Sheenkai Alam Stanikzai

2nd runner up of the 2009 Freedom to Create Main Prize

Despite a rich cultural history stretching back thousands of years, Afghanistan was recently described as having a culture of nothingness. After the Soviet invasion in 1979, art and music were hijacked for propaganda. More recently, the brutal suppression of culture under the Taliban meant that art and culture were systematically destroyed, while music was banned. The world watched horrified as the Bamiyan Buddhas were demolished. The Taliban were also vicious in their treatment of women. They wanted to create secure environments where the chasteness and dignity of women may once again be sacrosanct. In reality, this resulted in public floggings and executions for violations of strict religious laws as well as forced marriages.

It was a decade ago that culture was obliterated in her country, and Sheenkai Alam Stanikzai is one of a generation of Afghans who grew up during the conflict without the release or benefit of art and music. After the fall of the Taliban, Sheenkai, who has grown up never listening to music or seeing a live play, is bravely attempting to reintroduce her country and people to the arts and their culture. Sheenkai's work explores the re-emergence of the Afghan spirit after years of oppression.

She explores the re-emergence of the Afghan spirit, after years of oppression, in her art. That she is female brings further poignancy to her work in the light of the brutality of the Taliban towards womens rights. Her installation piece, Chel Dokhtaraan, or The 40 Girls, symbolises the violent acts being perpetrated against females in Afghanistan and in neighbouring countries.

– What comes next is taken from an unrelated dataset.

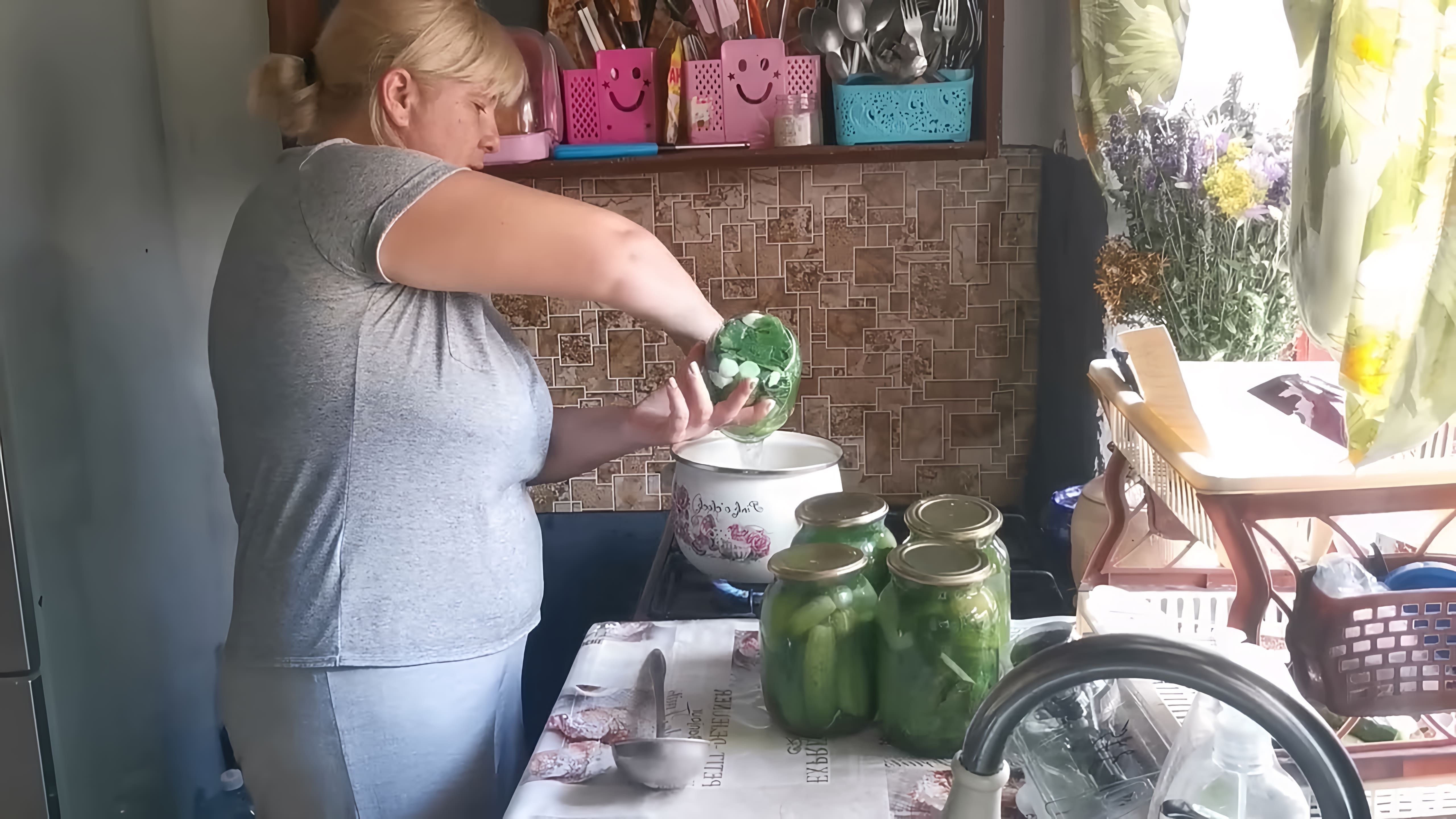 В этом видео девушка показывает, как приготовить огурчики с кетчупом Чили на зиму без стерилизации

The title refers to an historical event when 40 Afghan women committed suicide by jumping into wells during an invasion. Many legends and accounts exist about Chel Dokhtaraan dating back to pre-Islamic times, but all focus on the honourable decision the women took in sacrificing their own lives. That was in the past, says Sheenkai. What is happening today is that women, more than 40, are dying every day in very different circumstances. Her work symbolises the violent acts - public executions, stonings, floggings and hangings - that are being perpetrated against females both in Afghanistan and neighbouring countries, in modern times.

Sheenkai's installation includes a model of a well, with miniature images on its mouth. Miniature painting has flourished when artists have been forbidden from drawing the human form. The use of miniatures here signifies constraints on freedom. The installation also includes a pato- part of traditional male dress, representing the male domination of Afghan society - and 41 calendars.

Each calendar carries the photograph and story of a girl, and the date of her violent death. On the first calendar in the series the most recent date is incomplete, and reads: 13.. (of the solar calendar). This represents the continuing theme of Chel Dokhtaraan, and the appalling question of who will be the next woman to die. The film that accompanies the piece shows a moving line of black ink accompanied by the sounds of water, fire and the wheel of a well. The audience becomes aware of an unknown hand, writing down the names of the 40 girls, and so determining their destiny. Finally, it is time for the next name to be written...

Sheenkai says that not only is it difficult to be taken seriously in Afghanistan as an artist - her own family thought it was just a hobby until her work started winning competitions - but the fact she is a woman has also increased the risk of expressing herself. It is very difficult, she says. I am an Afghan woman and it is hard to go out. But I always research every detail of my work and have to do this.

The issue that Sheenkai addresses is not surprisingly contentious in Afghanistan and she takes great personal risk by highlighting it within her country. She is sensitive to the feelings of the families of the victims too. For that reason, and out of respect for the women themselves, I deliberately blur the photographs, she says. Sheenkai is also working with other women artists to exhibit their work and help fill the void of nothingness in her community with art.